Inevitably, now that the UK has left the EU, we have to rework the financial architecture around regulation—the processes—now that it no longer goes through the European Parliament, the European Commission, the ECON committee and so on. The FCA, PRA and the supervisory architecture need to change to reflect that. I would add that the Bill draws the right balance, broadly speaking, in terms of not going too far, not trying to intervene too much in the specific legislative briefs in different sectors, and focusing much more on setting the framework.
On the second part of your question, on competitors, it is important to divide—for want of a better word—the City into two; it is a tale of two Cities.
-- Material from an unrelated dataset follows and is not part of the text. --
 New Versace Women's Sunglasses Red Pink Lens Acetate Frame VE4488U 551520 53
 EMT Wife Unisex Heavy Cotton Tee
There is no competitor to the UK domestic side of the City, which is all about providing the right support and finance for UK companies and investors, and oiling the wheels of the UK economy. On the international side, of course, the competitive environment has changed quite radically over the past few years. We are now competing simultaneously with the US, with rapidly growing markets in Asia, and with renewed competition—some of it motivated perhaps more from a regulatory perspective than a competitive perspective—from European financial centres.
Q
William Wright: Part of that question relies on how you measure it, so I can only speak to how we at New Financial have measured it. We recently looked at and reviewed green finance activity—more specifically, green capital markets activity—in the UK and the EU. We found that, on two key measures, the UK is actually significantly behind the EU, which suggests that there is a disconnect between the widely accepted and widely stated position that the UK is already a global leader in green finance, and the widely received ambition to become the leading international green finance centre.
We looked at it in two ways. First, when you look at the UK’s market share of European activity in green finance, across equity bond and loan markets, it is about 14% of all EU plus UK activity. That is significantly lower—significantly lower—than the UK’s share of other capital markets and financial services activity. On a narrow definition of capital markets, the UK has a share of about 20% or 22% of EU 28 activity; on a broader definition of banking and finance, it has a share of just over 30%. Strictly in green finance, the UK has a share of half to two thirds of where you would expect it to be.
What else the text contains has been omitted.